When Betty Friedan died Feb. 4 on her 85th birthday, the women's liberation movement that began in the late 1960s lost one of its chief architects and most recognizable faces. Freidan is, of course, best known for her first book "The Feminine Mystique," a searing attack on the limitation of women's lives to housewifery that has sold more than 3 million copies since its publication in 1963. She was also a founding member of the National Organization for Women and NARAL Pro-Choice America.

Friedan's contribution to this Harvard Law School forum (1:42:57, Real Audio) from February 1966, a few months before the founding of NOW, provides both a summary of the basic arguments of "The Feminine Mystique" and a glimpse of just how radical those arguments were 40 years ago. The forum's title, "Women -- Dare We Not Discriminate?" offers a hint at the state of things in 1966. Friedan, who is joined by Mary Bunting, then president of Radcliffe College, and Pauli Murray, author of "Jane Crow and the Law," begins her comments by noting that Indira Gandhi's gender played little role in her recent election as prime minister of India, while in the U.S., when discrimination on the basis of sex was added to Title VII of the Civil Rights Act, it was "treated as a joke" by Congress.

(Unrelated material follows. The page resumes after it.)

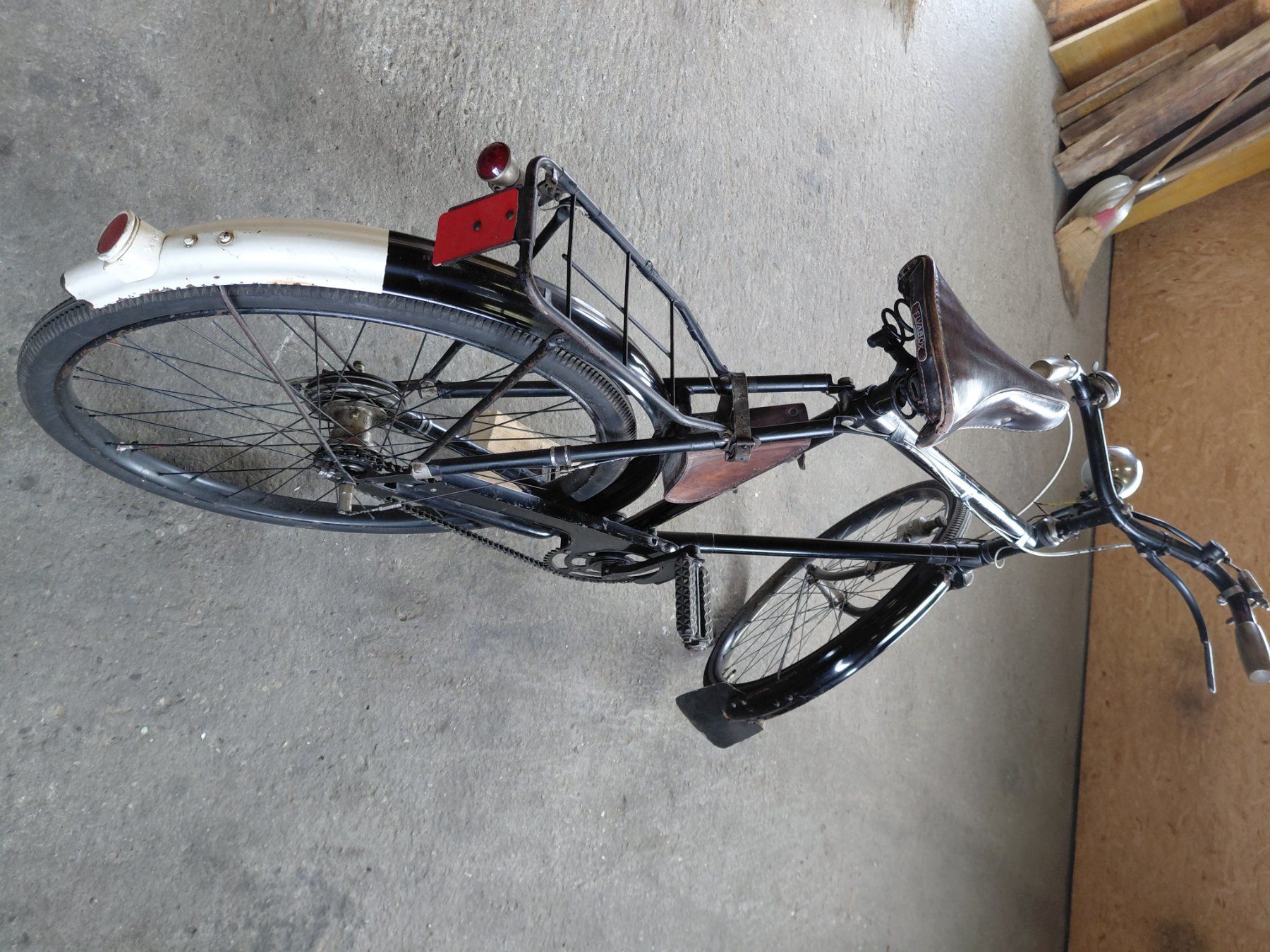 Biciclette: Antikes Oldtimer Velo – Usato da Kestenholz venduto da edu_jk9c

"Are women truly free and equal then," Friedan asks, "if they are forced to make a choice that no boy or man is ever forced to make, that is, somehow implicitly to choose between the desired fulfillments of marriage and family and the full development and realization of whatever potential ability is in them in some serious commitment to society?" Freidan also identifies men as fellow victims of the feminine mystique: "The enemy of women today in this country, however, is not men, at least I don't think so," she declares. "When a woman is told to make marriage all of life in a time and a place where no man can possibly expect to make marriage all of life, that woman is by definition going to demand so much of marriage that she is going to find the man inadequate."

During the forum's question-and-answer period a man rises and asks, "Should women start doing different things, or should we start taking seriously what they are doing now?" Here is Friedan's answer: "Homemaking isn't ruled out by what I say. The fact of life is that women in America, with the lifestyle they have today, simply cannot, for the most part, use all of their abilities or all their years productively only in homemaking."